Aggregate Tensor Columns In Ray
Overview
Problem solved: compute dataset-wide means or standard deviations over tensor-valued columns without collecting all rows back to the driver.
Use this example when:
- your Ray dataset contains embeddings, feature maps, or image tensors,
- you need normalization statistics,
- or you want a reduction that runs across distributed Ray blocks.
Why This Approach
TensorMean and TensorStd are custom Ray aggregations designed for tensor-valued columns.
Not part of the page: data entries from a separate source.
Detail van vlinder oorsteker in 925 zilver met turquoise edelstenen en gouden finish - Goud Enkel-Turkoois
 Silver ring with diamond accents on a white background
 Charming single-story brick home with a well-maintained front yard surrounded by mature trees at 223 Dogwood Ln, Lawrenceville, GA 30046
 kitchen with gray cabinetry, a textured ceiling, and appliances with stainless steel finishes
They preserve Ray's distributed execution model and avoid building your own manual reduction logic.
Example
import numpy as np
import ray
from ratiopath.ray.aggregate import TensorMean, TensorStd
ray.init()
ds = ray.data.from_items(
[
{"embedding": np.array([1.0, 2.0, 3.0])},
{"embedding": np.array([3.0, 4.0, 5.0])},
{"embedding": np.array([5.0, 6.0, 7.0])},
]
)
summary = ds.aggregate(
TensorMean(on="embedding", axis=0, alias_name="embedding_mean"),
TensorStd(on="embedding", axis=0, ddof=1.0, alias_name="embedding_std"),
)
print(summary["embedding_mean"])
print(summary["embedding_std"])
Example output
[3. 4. 5.]
[2. 2. 2.]
Under the hood
These aggregators treat dataset rows as the batch dimension.
That means axis 0 is always the row/batch axis of the distributed dataset, not just a dimension inside each tensor.
TensorMean accumulates partial sums.
TensorStd uses a parallel variance-combination algorithm so the standard deviation remains numerically stable across multiple Ray blocks.
Choosing The Axis
Use axis=None when:
- you want one scalar over every value in every row.
Use axis=0 when:
- you want the elementwise statistic across rows.
Use axis=1 or axis=(0, 1) when:
- you want to reduce both across rows and across the first tensor dimension.
feature_map_stats = ds.aggregate(
TensorMean(on="feature_map", axis=(0, 1), alias_name="channel_mean"),
TensorStd(on="feature_map", axis=(0, 1), alias_name="channel_std"),
)
Important constraint
These are reduction operators.
If you supply a tuple of axes, it must include 0 because the implementation is designed to reduce across the Ray batch dimension.
If you need per-row statistics instead, use map() or map_batches() and compute them directly on each row.